Python (requests dedup)

import hashlib
import redis

r = redis.Redis()

def seen_recently(key: str, ttl: int = 600) -> bool:
h = hashlib.sha256(key.encode()).hexdigest()
# Returns True if duplicate, False if first-time
return not r.set(f"seen:{h}", "1", ex=ttl, nx=True)

# usage: key must be canonicalized upstream
if seen_recently(canonical_key):
return 200 # drop silently
process()

Go (jobs)

h := sha256.Sum256([]byte(canonicalKey))
k := "seen:" + hex.EncodeToString(h[:])
ok, _ := r.SetNX(ctx, k, 1, 10*time.Minute).Result()
if !ok {
// duplicate
return
}
// do work

Pattern Variants

  • Time-bucketed unique index: UNIQUE(hash, bucket) with bucket = floor(ts / TTL).
  • Bloom filter with TTL: lower memory, probabilistic false positives, good for massive streams.
  • Two-phase: cache‑gate first, then write durable idempotency record if the operation succeeds.

Compare to Other Approaches

  • HMAC + timestamp + nonce: proves authenticity + freshness (prevents replay), but you still need a nonce store; hash+TTL is about dedup regardless of auth. Use both when relevant.
  • Sequence numbers / monotonic ids: stronger guarantees, but requires per‑producer coordination and durable tracking.
  • Full object comparison: expensive; hash+TTL avoids payload reads/DB hits in the hot path.

Gotchas

  • Clock isn’t required (TTL is maintained by the cache), but ensure consistent canonicalization or you’ll miss duplicates.

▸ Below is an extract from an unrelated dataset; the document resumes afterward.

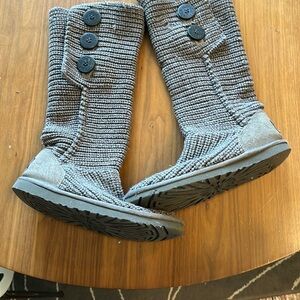 UGG Women's Classic Cardy Winter Boot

  • Idempotency vs. de‑dup: this prevents reprocessing the same logical input within a window; it doesn’t guarantee that your side effects are idempotent. Make writes idempotent too.

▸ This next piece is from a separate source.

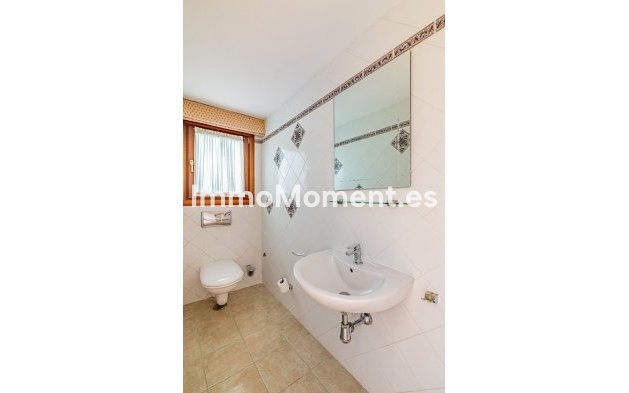 Resale - Detached villa - Estepona - New Golden Mile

  • Partial success: if you set the key before doing work and then fail, you may suppress a legitimate retry. Options:

    • Set the key after success (but then you may do work twice).
    • Set seen:{hash} with a short TTL, and on success, extend TTL or write a durable idempotency record.

TL;DR

Compute a stable hash for what “counts as the same,” stick it in a fast store with a TTL, and drop repeats. It’s boring. It works. It scales.